Anuncios de pisos en una inmobiliaria en Barcelona. / Ferran Nadeu

Nadie en su sano juicio puede poner en duda que la protección del derecho a la vivienda necesita una ley que desarrolle lo que garantiza la Constitución. El Gobierno de Pedro Sánchez y Yolanda Díaz han tenido el coraje de afrontar por primera vez este reto del que, por ahora, no tenemos un texto articulado sino algunos esbozos en forma de titulares. En determinadas ciudades y en determinadas zonas geográficas, resulta cuanto menos que imposible para muchas familias acceder a una vivienda digna, sea de alquiler o de propiedad. Eso es una realidad que reconocen todos los economistas y las formaciones políticas constitucionalistas. No ocurre solo en España. Alemania, Portugal o algunos países nórdicos han afrontado retos similares. Y no siempre las recetas que parecen más atrevidas han acabado siendo las más eficaces. Por eso, el debate de esta futura ley debería hacerse desde la seriedad, y no desde los prejuicios ideológicos y mucho menos desde la demagogia populista.
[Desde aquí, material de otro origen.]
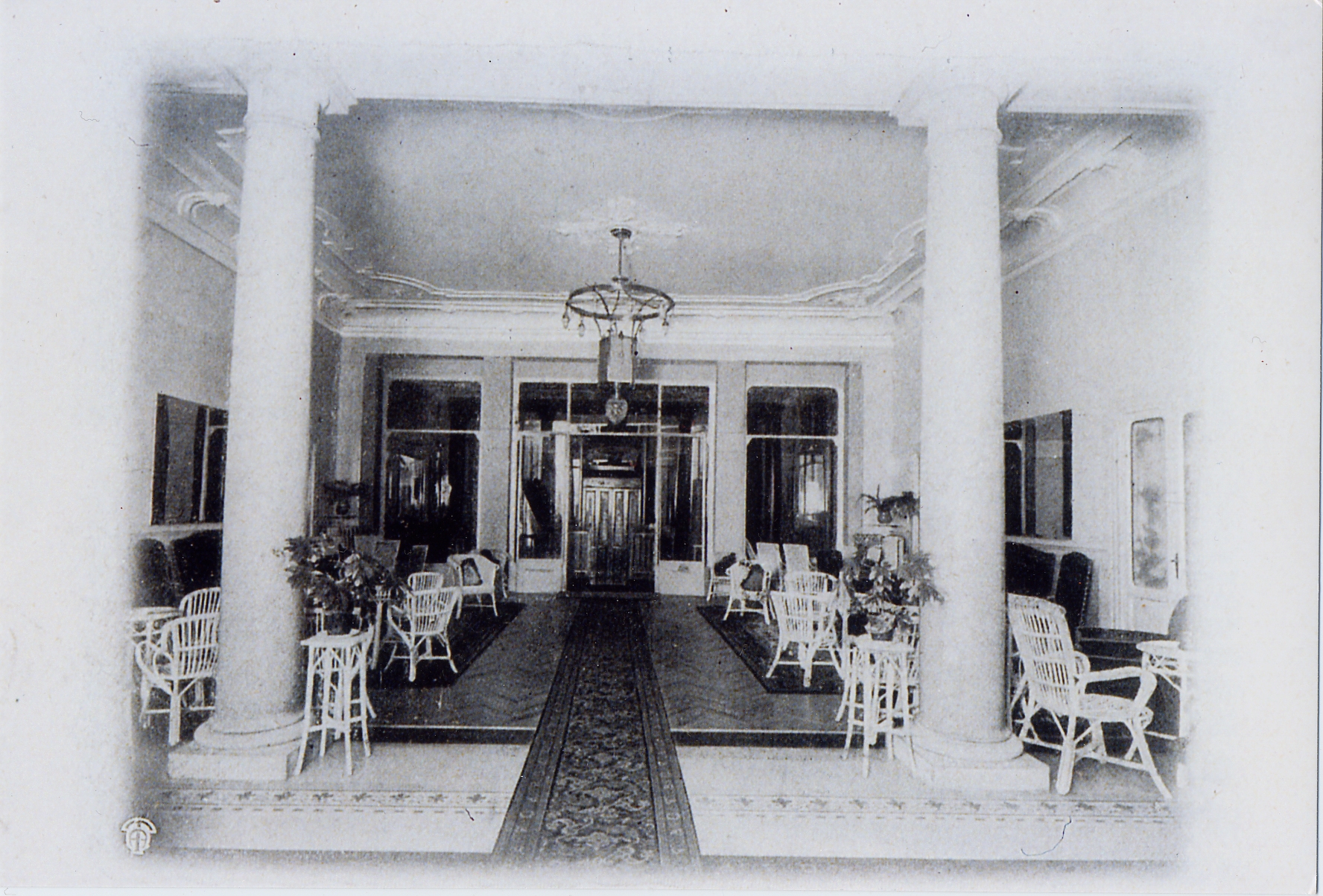 a black and white photo of a room with white chairs and tables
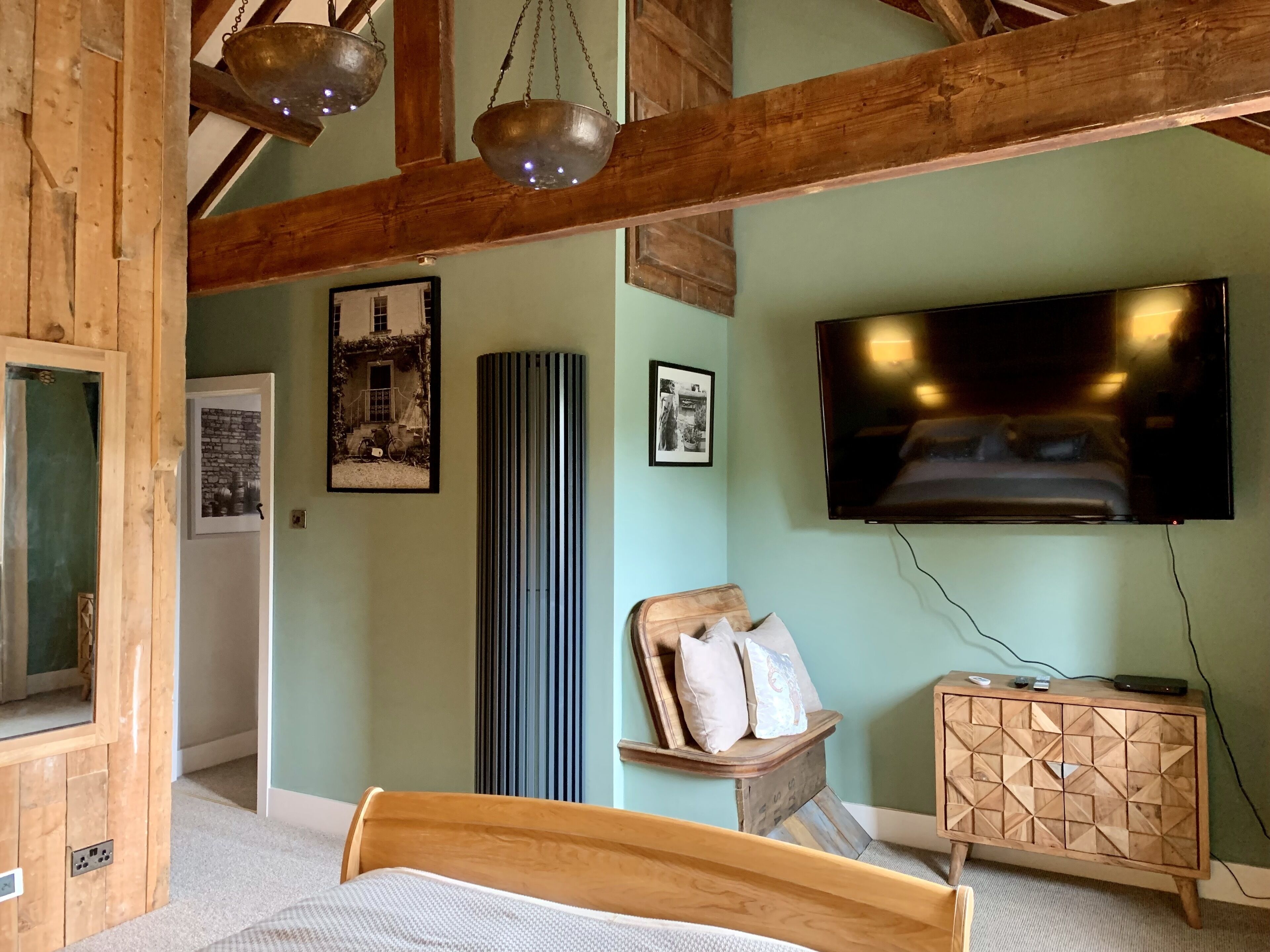 A bedroom with a wooden bed, a TV mounted on the wall, and a wooden cabinet.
Hacer asequible la vivienda tiene diversas recetas. Algunas ya las hemos probado. El Partido Popular, en tiempos de José María Aznar, propició una liberalización total del suelo y un abaratamiento de los tipos de interés. Subieron los precios y bajaron las hipotecas. El resultado fue una burbuja inmobiliaria que explotó en 2008, tras cuatro años en los que el PSOE de Zapatero mantuvo la misma política. Esa burbuja no gustó tampoco a los inversores tradicionales del sector que vieron como irrumpían en el mercado fondos con demasiada ansiedad que no conocían las claves de la actividad. Otra receta posible son los incentivos fiscales, que la época de la austeridad se ha llevado por delante. Y quedan las dos que ahora se insinúa que se pondrán en marcha: la promoción de pisos a precio asequible y la regulación de los abusos que se pudieran producir en los precios del alquiler en las zonas más tensionadas. La Constitución define a España como un Estado social y democrático de derecho, lo cual significa que no se excluye sistemáticamente la intervención pública en la economía. Pero debe ajustarse a derecho. Y esa es la clave que debe guiar la tramitación de la nueva ley. El problema existe. No tiene soluciones mágicas. Y estas no pueden pasar por colisionar con otros derechos fundamentales, como es el de la propiedad. Anunciar hoy un recurso a una ley que no está ni redactada, ni tramitada ni aprobada es poco menos que una temeridad. Plantear esta ley como una conquista ideológica que pone fin a un cierto liberalismo tampoco soluciona el problema.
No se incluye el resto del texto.